I'd feel like I was some kind of secret, fuck that

whowhose · 25/12/2022 19:00

He's unwilling to make any kind of commitment to you and that's unsatisfying for you. I'd want a bit more than he's offering
^
This!! It feels like he's not offering any commitment to me.^

OP posts:
whowhose · 25/12/2022 19:03

I think half the issue is that I, my ex, my DP, his mum, his sister and his ex wife all live in a very small radius of each other.

OP posts:
Outtasteamandluck · 25/12/2022 19:03

'I guess it's the fear of being lonely.'

And there it is. You don't want to be on your own

I'm with your DP on this. It sounds complicated and easier to compartmentalise.

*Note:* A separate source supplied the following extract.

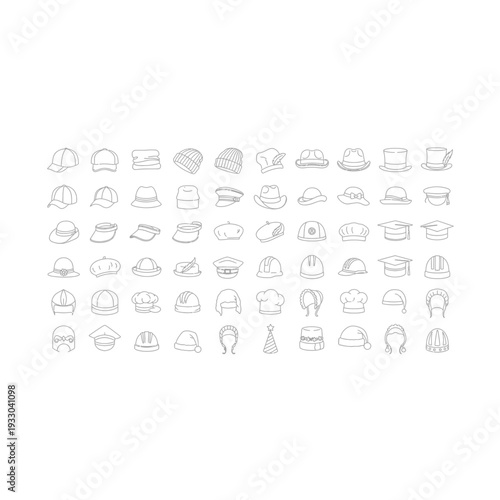 Diverse Headwear and Hat Outline Icons for Fashion Design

Only you know if its a dealbreaker.

I have a similar relationship and want to keep kids out for the foreseeable. It's too messy. My kids come first.

whowhose · 25/12/2022 19:06

@Outtasteamandluck ironically I am on my own a lot. He works away - 6 days at a time - home for 4 but i work shifts so don't often see him. For example over Christmas I won't of seen him from 20th - 31st.

OP posts:
DeeCeeCherry · 25/12/2022 19:07

He said we will always have a separate relationship and that his daughter would decide that

You're not compatible, he doesn't want the same type of relationship that you do. You need to open your ears listen to what he's telling you, and move on.

It sounds boring anyway, are you his secret shag? Life's far too short for this nonsense I can never understand why women put up with it. Years of being beholden to whether his DD says Yes Or No. As if there aren't other men out there

gamerchick · 25/12/2022 19:10

whowhose · 25/12/2022 18:57

@Miss03852 I would love to spend Christmas with him. I won't have my kids next year. I guess it's the fear of being lonely.

Ok, well this is the crack.

Your bloke isn't doing anything wrong, however he's is unable to meet your needs. It can't be helped and it's just the way it is.

Tell him it's no longer working for you and wish him well. Free yourself up to find the bloke who can meet your needs.